Replicate Design Object for a Two-phase Sample

Derives a replicate design object for a two-phase sample, based on a replicate design object created for the first phase sample. The full-sample and replicate weights are adjusted to implement the reweighted expansion estimator (REE).

Usage

derive_twophase_rep_design(
  design,
  phase_two_indicators,
  phase_two_probs,
  phase_two_strata = NULL
)

Arguments

design: A replicate survey design object for the first phase sample.
phase_two_indicators: A string giving the name of a variable in the data that indicates which cases are selected for the phase two sample.
phase_two_probs: A string giving the name of a variable in the data that represents the inclusion probabilities for the second-phase sampling.
phase_two_strata: A string giving the name of the stratification variable for the second phase sample, or NULL (the default) if the second-phase sampling was not stratified.

Value

A replicate survey design object, containing only the observations from the second phase sample. The full-sample and replicate weights are adjusted using the approach developed by Kim and Yu (2011).

Details

This function adjusts the full-sample and replicate weights so that they correspond to the reweighted expansion estimator (REE), as described in Kim and Yu (2011). Note that the REE gives different estimates than the double expansion estimator (DEE), which is what is implemented by the function survey::twophase().

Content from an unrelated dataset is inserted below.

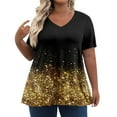 thumbnail image 1 of IYYVV Plus Size Shirts For Women 4X-5X Tops Trendy Summer Vneck Tie Dye T Shirts Short Sleeve Womens Tunic Tops Dressy Casual Vintage Clothes Fall Fashion 2024 Black 4XL, 1 of 7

The REE weights for the second-phase sample are derived in two steps. First, the phase-one weights are divided by the second-phase conditional inclusion probabilities. Next, the resulting weights for the second-phase sample undergo a post-stratification adjustment, where the phase-two sampling strata are the post-strata. This ensures that the weight sums for the second-phase sample in each second-phase stratum match the corresponding weight sums for the entire first-phase sample.

See Kim and Yu (2011) for the underlying theory behind this method. Section 4 of Opsomer et al. (2016) provides a clear summary of the method, in the context of discussing its application to successive difference replication weights.

Opsomer et al. (2016) point out that special care is needed when the second-phase sampling method uses systematic sampling. In this case, the user should identify any implicit strata created by the the second-phase systematic sampling. The variable phase_two_strata should be defined so as to represent the combination of explicit and implicit strata.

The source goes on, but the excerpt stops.